From Ericsson to GE Healthcare, SES to IBM, and TE Connectivity, the shared narrative is one of adaptation and customer-centric evolution. B2B marketers are shifting from a transactional mindset to one that values human connections and outcomes to thrive in this digital-forward marketplace. Strategies such as embracing AI for personalized engagement, tearing down the silos between sales and marketing, and prioritizing stakeholder self-discovery have emerged as critical alterations.

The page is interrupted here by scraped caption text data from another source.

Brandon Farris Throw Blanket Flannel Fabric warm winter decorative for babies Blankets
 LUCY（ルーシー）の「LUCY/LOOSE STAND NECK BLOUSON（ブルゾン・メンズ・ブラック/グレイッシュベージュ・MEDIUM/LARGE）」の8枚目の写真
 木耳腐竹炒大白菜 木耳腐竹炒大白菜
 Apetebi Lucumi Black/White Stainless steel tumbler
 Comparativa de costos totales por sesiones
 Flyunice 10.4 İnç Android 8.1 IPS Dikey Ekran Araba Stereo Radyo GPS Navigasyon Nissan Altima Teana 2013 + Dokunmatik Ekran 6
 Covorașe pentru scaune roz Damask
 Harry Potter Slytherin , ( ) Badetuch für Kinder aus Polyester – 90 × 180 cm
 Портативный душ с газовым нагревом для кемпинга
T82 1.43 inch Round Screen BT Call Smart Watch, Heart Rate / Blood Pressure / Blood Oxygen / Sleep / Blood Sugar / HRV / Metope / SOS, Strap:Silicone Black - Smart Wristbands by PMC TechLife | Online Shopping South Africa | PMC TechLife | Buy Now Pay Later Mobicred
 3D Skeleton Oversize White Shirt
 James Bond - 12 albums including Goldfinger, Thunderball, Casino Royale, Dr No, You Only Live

The takeaway for CMOs is clear: the brands that are leading in this new era treat their customers not just as buyers but as partners in progress. These companies understand that their brand message must be more than consistent — it must resonate on a human level across every channel. They know that empowering customers with the tools for self-education and promoting an omnichannel strategy are not mere tactics but foundational pillars of growth in a world where B2B customers’ expectations mirror the B2C experience.

Successful B2B marketing hinges on the ability to innovate, empathize, and engage with a nuanced understanding of each customer’s journey. It is here that the brands of tomorrow are laying their cornerstones today — ensuring that, at every interaction, their message not only reaches the right ears but strikes a chord that resonates long after the conversation has ended.